*** Data to process Section Begins ***

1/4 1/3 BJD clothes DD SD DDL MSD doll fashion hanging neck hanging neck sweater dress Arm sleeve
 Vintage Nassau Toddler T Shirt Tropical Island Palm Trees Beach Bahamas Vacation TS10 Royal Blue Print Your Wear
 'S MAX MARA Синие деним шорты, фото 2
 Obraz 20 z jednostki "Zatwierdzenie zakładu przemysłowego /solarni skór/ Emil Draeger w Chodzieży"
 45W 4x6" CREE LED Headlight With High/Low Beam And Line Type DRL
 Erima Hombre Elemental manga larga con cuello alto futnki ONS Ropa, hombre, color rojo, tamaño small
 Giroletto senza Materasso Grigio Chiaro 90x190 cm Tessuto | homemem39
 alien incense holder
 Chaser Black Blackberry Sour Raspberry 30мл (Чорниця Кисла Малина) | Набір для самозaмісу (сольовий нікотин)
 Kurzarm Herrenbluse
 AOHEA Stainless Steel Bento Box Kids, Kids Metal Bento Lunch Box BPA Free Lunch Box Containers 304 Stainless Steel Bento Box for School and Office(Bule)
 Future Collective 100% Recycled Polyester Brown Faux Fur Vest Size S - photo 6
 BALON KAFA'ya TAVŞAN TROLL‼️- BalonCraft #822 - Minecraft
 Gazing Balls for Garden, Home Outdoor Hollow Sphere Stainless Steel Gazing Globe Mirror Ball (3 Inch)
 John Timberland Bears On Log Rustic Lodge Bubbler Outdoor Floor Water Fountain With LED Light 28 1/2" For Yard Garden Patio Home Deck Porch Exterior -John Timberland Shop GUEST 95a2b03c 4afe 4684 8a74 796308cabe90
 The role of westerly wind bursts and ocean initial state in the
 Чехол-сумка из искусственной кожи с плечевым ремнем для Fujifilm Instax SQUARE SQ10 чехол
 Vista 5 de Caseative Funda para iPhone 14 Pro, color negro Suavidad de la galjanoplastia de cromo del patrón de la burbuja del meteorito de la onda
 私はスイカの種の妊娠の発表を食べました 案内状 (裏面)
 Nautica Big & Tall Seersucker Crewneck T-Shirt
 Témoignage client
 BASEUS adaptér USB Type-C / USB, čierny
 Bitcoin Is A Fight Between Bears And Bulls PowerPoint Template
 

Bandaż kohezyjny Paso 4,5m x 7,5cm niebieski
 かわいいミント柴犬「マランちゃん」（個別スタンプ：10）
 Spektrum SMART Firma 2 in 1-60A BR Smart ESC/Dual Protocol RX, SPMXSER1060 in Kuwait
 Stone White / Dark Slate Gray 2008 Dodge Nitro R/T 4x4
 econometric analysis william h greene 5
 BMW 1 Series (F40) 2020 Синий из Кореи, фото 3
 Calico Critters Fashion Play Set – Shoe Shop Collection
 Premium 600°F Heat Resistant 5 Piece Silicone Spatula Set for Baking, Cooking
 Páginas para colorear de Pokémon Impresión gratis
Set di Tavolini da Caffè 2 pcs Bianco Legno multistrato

*** Data to process Section Ends ***

→ **Aim of the exercise**:
Return each line in the records that holds the string "Garden".

→ **Answer box**:
 Gazing Balls for Garden, Home Outdoor Hollow Sphere Stainless Steel Gazing Globe Mirror Ball (3 Inch)
 John Timberland Bears On Log Rustic Lodge Bubbler Outdoor Floor Water Fountain With LED Light 28 1/2" For Yard Garden Patio Home Deck Porch Exterior -John Timberland Shop GUEST 95a2b03c 4afe 4684 8a74 796308cabe90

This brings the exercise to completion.